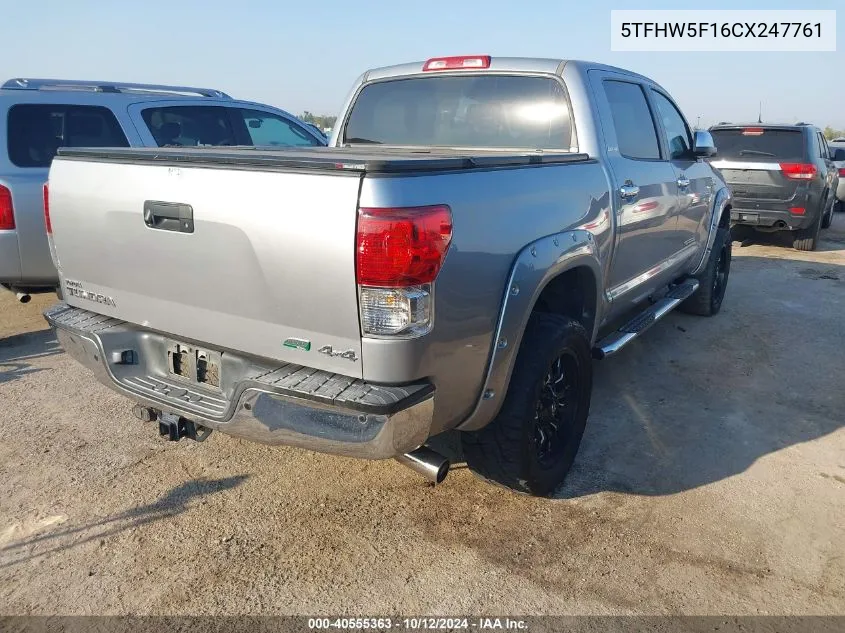 2012 Toyota Tundra Limited 5.7L V8 VIN: 5TFHW5F16CX247761 Lot: 40555363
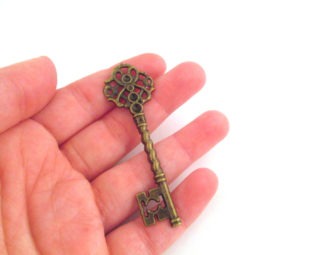 3 brass skeleton key pendant charms 68x21mm steampunk buy now online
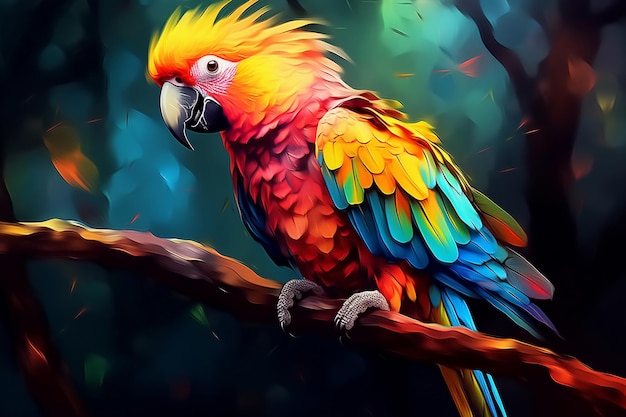 brightly colored parrot sitting on a branch in a forest Ai photo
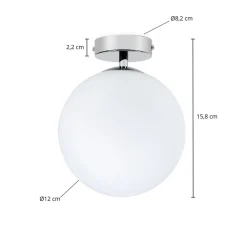 Arcchio Maviris LED-loftlampe til badeværelset, kugle, 12 cm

▶ EXERCISE PROMPT:
Only the lines from the one containing "3 brass skeleton" through the end of the listing should be output, word for word and inclusive; keep pictures out.

▶ RESULT FOR THIS TASK:
 3 brass skeleton key pendant charms 68x21mm steampunk buy now online
 brightly colored parrot sitting on a branch in a forest Ai photo
 Arcchio Maviris LED-loftlampe til badeværelset, kugle, 12 cm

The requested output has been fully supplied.